One clear example of the interest among cyber-crooks in this type of malicious code is the scam involving the sale of customized versions of the Briz Trojan, which was dismantled a few months ago by PandaLabs. This involved a complex system of creating and selling à la carte malware designed to steal personal and confidential information as well as to go undetected by traditional antivirus solutions.

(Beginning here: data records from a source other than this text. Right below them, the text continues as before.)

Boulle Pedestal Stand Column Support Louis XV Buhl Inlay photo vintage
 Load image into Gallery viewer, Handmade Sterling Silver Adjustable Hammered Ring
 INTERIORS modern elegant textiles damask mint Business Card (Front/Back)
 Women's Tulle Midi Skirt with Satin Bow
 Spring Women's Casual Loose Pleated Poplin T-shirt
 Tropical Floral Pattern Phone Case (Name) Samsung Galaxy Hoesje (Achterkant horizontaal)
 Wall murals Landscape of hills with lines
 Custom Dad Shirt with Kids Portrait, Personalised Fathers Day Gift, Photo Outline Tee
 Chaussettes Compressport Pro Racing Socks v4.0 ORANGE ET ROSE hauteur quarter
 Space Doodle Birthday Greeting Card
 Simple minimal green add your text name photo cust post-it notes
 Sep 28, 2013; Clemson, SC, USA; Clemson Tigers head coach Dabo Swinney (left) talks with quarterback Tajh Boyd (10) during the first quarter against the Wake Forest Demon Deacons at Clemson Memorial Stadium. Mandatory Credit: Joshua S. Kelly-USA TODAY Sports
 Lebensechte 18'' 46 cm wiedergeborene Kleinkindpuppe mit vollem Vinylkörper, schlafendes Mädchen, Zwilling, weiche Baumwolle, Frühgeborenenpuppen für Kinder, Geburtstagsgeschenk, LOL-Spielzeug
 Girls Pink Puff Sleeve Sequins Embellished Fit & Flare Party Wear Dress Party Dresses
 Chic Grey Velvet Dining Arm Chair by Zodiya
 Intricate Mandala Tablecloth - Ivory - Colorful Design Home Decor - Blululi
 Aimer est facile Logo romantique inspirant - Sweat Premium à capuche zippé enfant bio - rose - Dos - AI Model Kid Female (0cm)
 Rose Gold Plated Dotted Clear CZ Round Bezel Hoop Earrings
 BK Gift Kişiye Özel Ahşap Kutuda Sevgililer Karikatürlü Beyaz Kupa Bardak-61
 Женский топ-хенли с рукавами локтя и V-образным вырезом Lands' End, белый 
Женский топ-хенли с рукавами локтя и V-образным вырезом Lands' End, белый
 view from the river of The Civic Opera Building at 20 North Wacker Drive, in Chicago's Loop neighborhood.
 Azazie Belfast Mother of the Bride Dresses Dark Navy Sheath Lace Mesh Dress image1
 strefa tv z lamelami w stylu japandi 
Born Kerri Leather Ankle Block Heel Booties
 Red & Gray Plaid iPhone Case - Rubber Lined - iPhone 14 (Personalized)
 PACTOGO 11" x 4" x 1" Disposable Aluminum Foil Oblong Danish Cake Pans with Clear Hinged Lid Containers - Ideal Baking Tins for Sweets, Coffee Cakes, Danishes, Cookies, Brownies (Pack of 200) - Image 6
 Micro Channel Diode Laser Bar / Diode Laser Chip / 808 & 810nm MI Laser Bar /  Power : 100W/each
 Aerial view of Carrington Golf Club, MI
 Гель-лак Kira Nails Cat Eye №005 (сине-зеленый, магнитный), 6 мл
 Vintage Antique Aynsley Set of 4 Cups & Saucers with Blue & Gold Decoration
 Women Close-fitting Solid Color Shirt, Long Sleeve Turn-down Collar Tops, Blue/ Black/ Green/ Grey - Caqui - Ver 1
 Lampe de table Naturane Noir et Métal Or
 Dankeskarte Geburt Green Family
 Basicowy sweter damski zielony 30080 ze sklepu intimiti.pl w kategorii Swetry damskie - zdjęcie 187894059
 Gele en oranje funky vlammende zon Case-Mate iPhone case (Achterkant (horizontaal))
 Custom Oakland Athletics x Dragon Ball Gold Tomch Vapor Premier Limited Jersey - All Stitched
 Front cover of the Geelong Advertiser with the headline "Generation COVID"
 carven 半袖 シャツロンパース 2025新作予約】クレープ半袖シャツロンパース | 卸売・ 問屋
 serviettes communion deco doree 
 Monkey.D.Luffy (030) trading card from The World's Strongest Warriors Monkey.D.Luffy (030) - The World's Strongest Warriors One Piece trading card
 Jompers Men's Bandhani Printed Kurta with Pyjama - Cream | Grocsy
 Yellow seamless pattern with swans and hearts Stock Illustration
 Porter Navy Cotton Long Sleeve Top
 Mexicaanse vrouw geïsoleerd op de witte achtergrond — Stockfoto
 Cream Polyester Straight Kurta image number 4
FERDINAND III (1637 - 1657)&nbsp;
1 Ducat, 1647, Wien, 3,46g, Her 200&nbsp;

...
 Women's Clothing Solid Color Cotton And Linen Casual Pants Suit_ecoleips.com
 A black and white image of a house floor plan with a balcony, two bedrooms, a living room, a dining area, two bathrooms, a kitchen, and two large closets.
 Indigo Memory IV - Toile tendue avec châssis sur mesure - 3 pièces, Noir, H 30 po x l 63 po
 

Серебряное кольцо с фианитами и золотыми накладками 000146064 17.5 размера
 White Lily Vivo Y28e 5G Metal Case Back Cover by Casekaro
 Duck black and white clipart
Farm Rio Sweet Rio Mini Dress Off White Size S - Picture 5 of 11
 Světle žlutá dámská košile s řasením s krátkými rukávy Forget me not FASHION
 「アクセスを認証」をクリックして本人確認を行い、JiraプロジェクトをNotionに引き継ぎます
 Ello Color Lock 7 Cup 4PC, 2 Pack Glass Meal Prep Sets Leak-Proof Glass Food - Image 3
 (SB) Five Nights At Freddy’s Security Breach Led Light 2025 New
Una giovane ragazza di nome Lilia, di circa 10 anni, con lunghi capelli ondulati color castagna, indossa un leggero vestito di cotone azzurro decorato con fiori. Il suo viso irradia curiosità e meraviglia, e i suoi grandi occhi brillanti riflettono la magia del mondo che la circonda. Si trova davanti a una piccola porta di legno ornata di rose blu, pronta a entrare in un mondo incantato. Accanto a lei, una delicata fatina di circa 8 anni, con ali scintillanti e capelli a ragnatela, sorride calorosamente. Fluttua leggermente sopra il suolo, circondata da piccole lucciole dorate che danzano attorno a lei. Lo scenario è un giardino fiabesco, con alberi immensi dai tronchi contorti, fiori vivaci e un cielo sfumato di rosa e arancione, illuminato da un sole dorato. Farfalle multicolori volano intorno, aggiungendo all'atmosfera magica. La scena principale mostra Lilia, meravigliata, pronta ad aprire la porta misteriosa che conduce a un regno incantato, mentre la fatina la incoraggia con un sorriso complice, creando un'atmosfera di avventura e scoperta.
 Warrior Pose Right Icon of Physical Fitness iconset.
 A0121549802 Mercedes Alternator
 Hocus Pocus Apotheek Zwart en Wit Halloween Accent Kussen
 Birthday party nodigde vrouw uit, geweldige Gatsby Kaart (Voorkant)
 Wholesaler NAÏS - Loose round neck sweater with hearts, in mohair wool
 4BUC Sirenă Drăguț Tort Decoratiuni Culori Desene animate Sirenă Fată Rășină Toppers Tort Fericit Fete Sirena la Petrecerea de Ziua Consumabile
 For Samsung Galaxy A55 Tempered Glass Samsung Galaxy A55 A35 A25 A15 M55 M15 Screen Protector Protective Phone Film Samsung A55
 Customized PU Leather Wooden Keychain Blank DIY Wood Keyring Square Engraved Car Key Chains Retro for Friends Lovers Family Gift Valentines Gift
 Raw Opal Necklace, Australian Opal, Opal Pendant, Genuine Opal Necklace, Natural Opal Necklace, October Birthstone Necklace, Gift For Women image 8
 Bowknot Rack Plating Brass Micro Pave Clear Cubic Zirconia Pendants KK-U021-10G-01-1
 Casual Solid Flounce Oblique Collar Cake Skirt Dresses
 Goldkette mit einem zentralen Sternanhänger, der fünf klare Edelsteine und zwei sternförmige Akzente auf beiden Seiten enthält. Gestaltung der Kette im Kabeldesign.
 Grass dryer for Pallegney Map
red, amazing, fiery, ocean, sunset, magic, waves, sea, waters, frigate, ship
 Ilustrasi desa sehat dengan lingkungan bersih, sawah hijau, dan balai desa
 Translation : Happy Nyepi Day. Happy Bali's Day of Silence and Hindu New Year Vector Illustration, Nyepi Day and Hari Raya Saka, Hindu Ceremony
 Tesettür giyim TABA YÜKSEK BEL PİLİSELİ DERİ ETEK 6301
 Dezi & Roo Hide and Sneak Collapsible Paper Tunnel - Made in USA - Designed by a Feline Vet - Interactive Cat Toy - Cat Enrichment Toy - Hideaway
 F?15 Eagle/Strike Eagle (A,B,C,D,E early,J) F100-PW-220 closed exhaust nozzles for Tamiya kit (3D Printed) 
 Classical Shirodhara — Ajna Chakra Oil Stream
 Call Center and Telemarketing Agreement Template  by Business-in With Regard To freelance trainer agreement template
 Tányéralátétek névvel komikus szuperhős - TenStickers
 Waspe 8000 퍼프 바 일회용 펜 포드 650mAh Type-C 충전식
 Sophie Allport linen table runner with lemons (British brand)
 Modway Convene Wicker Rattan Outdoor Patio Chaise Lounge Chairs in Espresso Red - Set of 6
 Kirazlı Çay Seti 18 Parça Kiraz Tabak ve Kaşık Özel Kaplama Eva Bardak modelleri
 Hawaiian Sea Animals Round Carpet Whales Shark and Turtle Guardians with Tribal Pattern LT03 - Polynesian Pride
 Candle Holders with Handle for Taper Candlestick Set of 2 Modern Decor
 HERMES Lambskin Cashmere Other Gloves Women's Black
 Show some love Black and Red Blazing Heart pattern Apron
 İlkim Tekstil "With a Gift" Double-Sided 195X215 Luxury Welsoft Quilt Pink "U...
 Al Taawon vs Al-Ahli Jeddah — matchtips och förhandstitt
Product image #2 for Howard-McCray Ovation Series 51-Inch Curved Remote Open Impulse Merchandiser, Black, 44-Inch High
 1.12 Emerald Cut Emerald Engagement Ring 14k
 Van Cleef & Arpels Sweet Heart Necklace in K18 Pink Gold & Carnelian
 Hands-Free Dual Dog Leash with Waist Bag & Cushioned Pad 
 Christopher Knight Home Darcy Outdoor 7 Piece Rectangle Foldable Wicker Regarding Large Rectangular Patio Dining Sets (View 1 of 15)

Up until the scam was neutralized, the Trojans created were able to gather up to 2,033 files with 70.6MB of data. Of these, 62MB were text files, equivalent to 62,000 printed pages of confidential information.
At the same time, the creators of these Trojans are applying new functionalities to their creations to make them yet more effective. For example, the recently detected Banbra.DCY Trojan is specifically designed to take video shots of login details entered in ‘virtual keyboards’ (where users enter their passwords through mouse clicks on the on-screen image of a keyboard).
Moreover, banker Trojans have an added danger, which is the way they are nearly always distributed without users realizing. The techniques used include targeted attacks against specific users or groups using personalized social engineering or exploiting software vulnerabilities that allow malicious code to be secretly downloaded when visiting certain web pages.
According to Luis Corrons, director of PandaLabs: “The concept of a virus epidemic has changed radically with the new malware dynamic in which easy money is the only aim. There is a silent epidemic currently plaguing the Internet and it is not caused by a single virus, but by thousands circulating with the same objective: cybercrime.”
Given the amount and variety of banker Trojans in circulation, as well as other threats that are secretly installed on computers, Panda Software has taken the step of elevating the status of the global Internet threat level to Orange, to ensure that users take the necessary precautions to prevent falling victim to these silent attacks.